§ **Problem**
Under this line is a listing; return exactly the lines starting at the one with "Men Luigi Borrelli" and running down to the one with "HOFFNUNG تيشيرت للجنسين", and leave out its pictures.

§ **Exercise material**

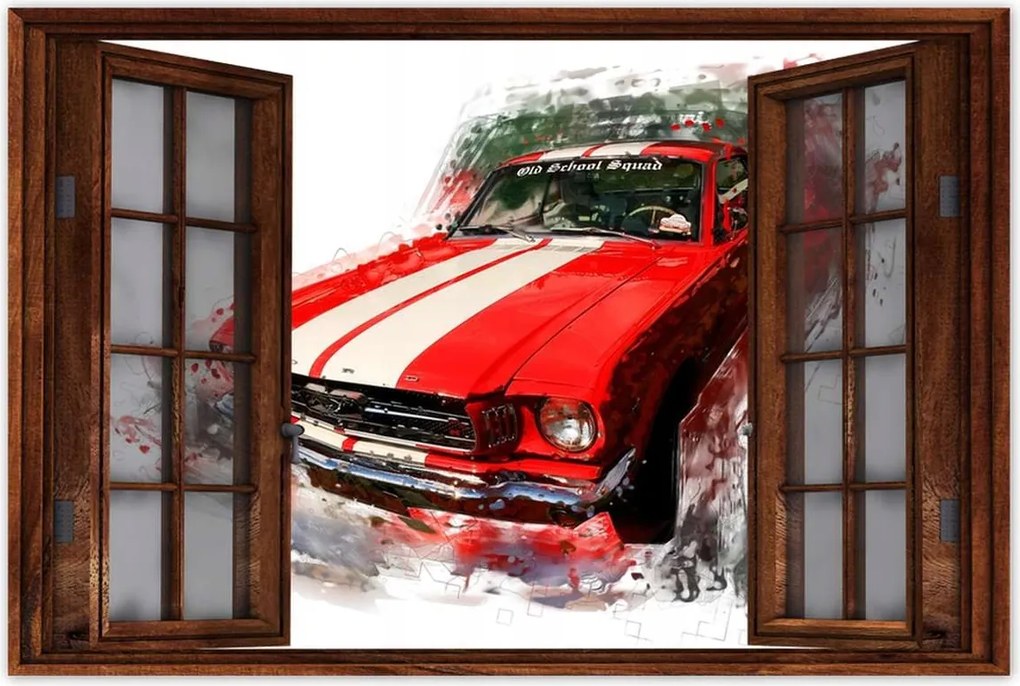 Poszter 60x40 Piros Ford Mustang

* * *

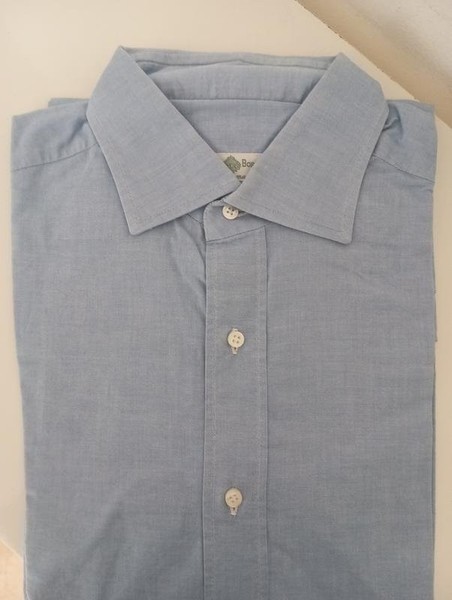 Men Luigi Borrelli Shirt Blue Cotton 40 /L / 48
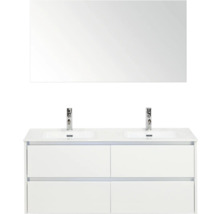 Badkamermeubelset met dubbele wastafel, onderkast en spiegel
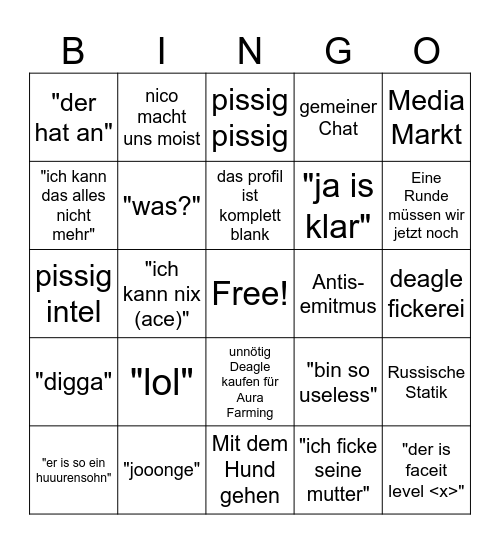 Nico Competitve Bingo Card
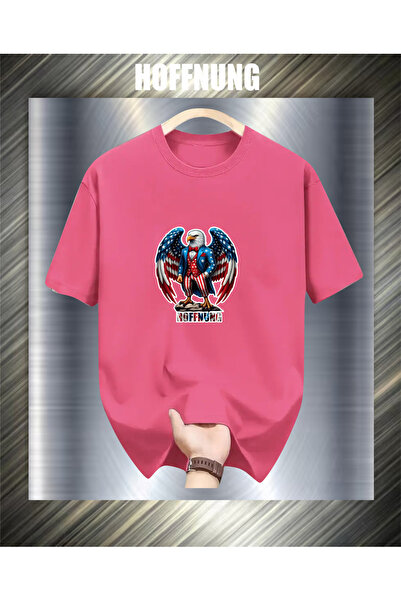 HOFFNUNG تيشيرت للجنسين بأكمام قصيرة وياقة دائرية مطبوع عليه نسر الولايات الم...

§ **Solution to the problem**
 Men Luigi Borrelli Shirt Blue Cotton 40 /L / 48
 Badkamermeubelset met dubbele wastafel, onderkast en spiegel
 Nico Competitve Bingo Card
 HOFFNUNG تيشيرت للجنسين بأكمام قصيرة وياقة دائرية مطبوع عليه نسر الولايات الم...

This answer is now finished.